§ Work order
First find the line with "gravel chique arrangement", then reproduce it and all following lines of the data to the end, exactly and with no pictures, adding nothing.

Records excerpted from a collection

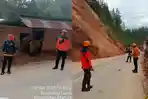 BPBD-Sulbar-meninjau-lokasi-tanah-longsor-yang-terjadi-di-jalan-poros-Bombong-Lambe-Mamasa.jpg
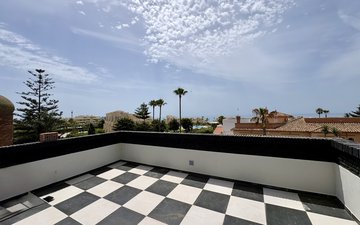 Property slide 44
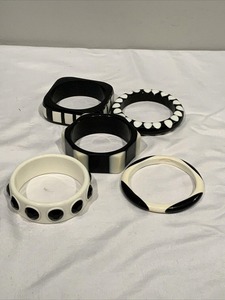 Bracelets et bracelets de mode en résine multicolore Bollywood Glamour pour les célébrations indiennes - Product Image 4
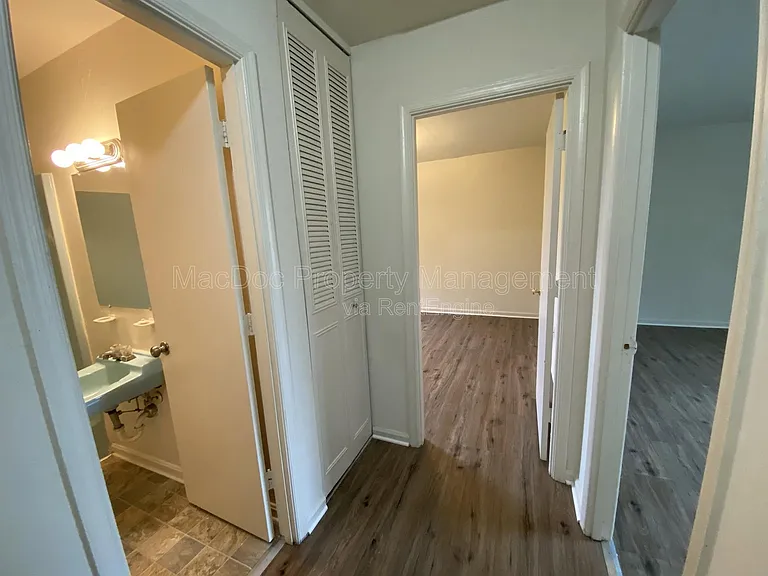 809 Denton Cir — Photo 9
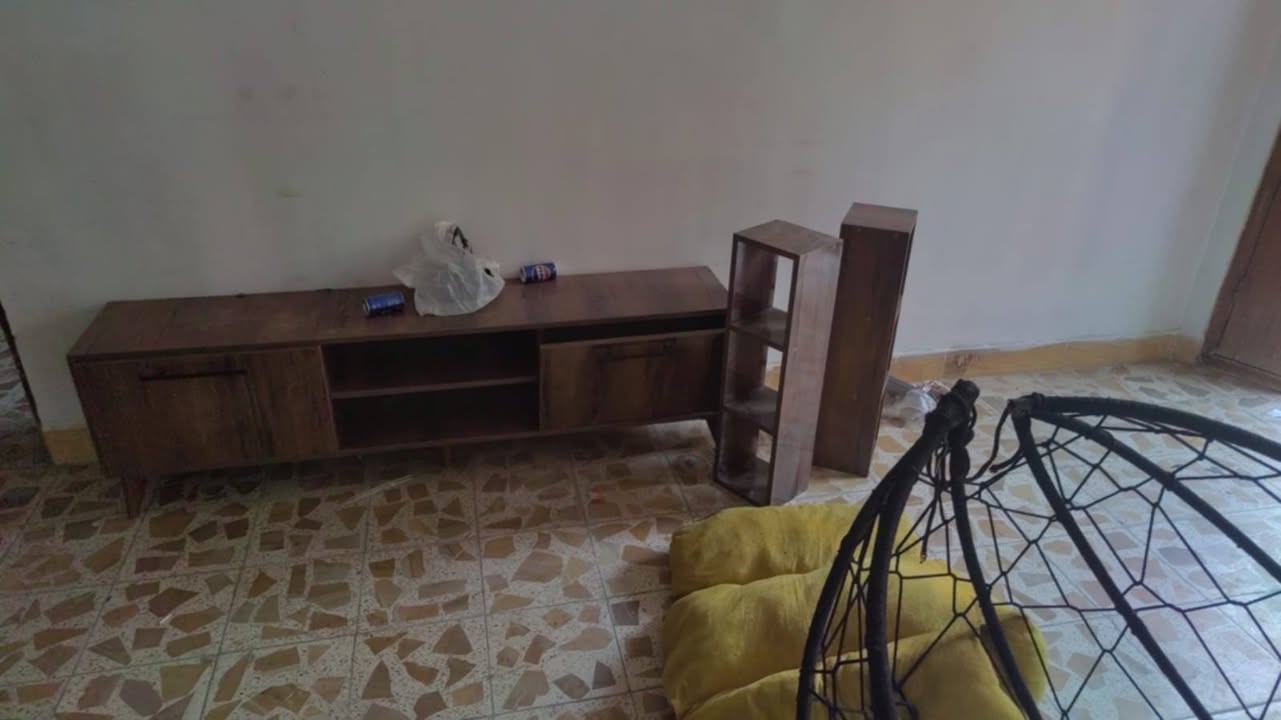 غراض للبيع  طباخ كاونتر وملحق ميز شاشه نص تخم  مرجوحه مكان كريعات كلهن ٢٥٠ الي يريدهم يتصل *********** مكلفه بلنشر
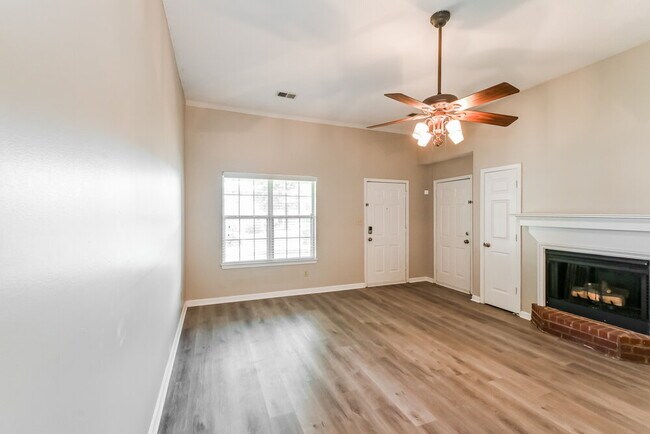 Foto del edificio - 6205 Liberty Estates Dr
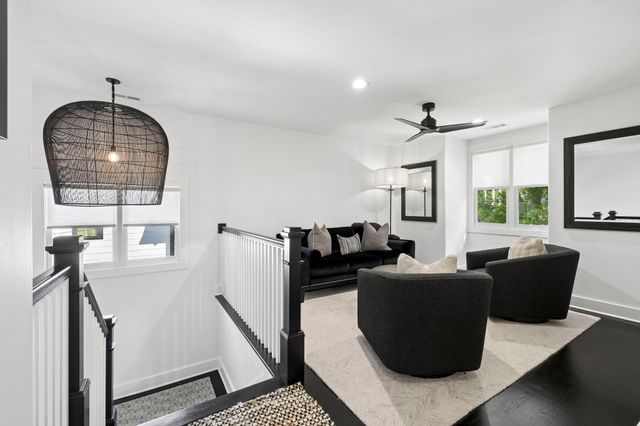 2409 Vaulx Ln, Nashville, TN 37204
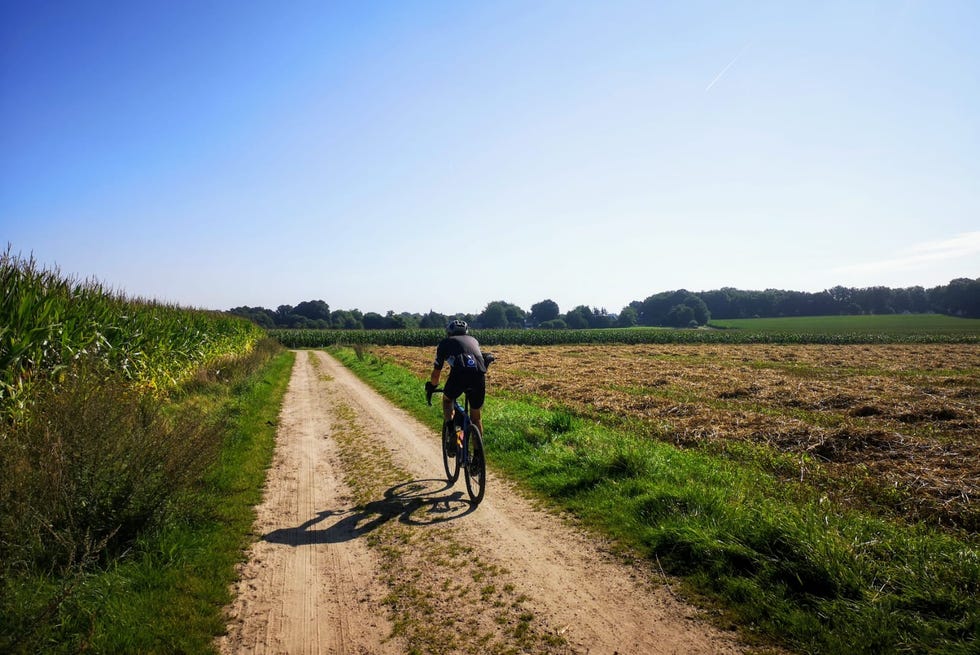 gravel chique arrangement bicycling ql hotels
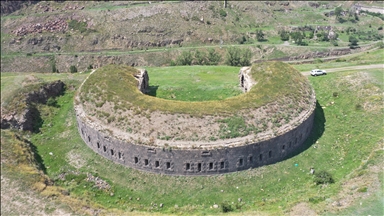 Kars'taki "Gemli Tabya" turizme kazandırılmayı bekliyor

§ Response below
 gravel chique arrangement bicycling ql hotels
 Kars'taki "Gemli Tabya" turizme kazandırılmayı bekliyor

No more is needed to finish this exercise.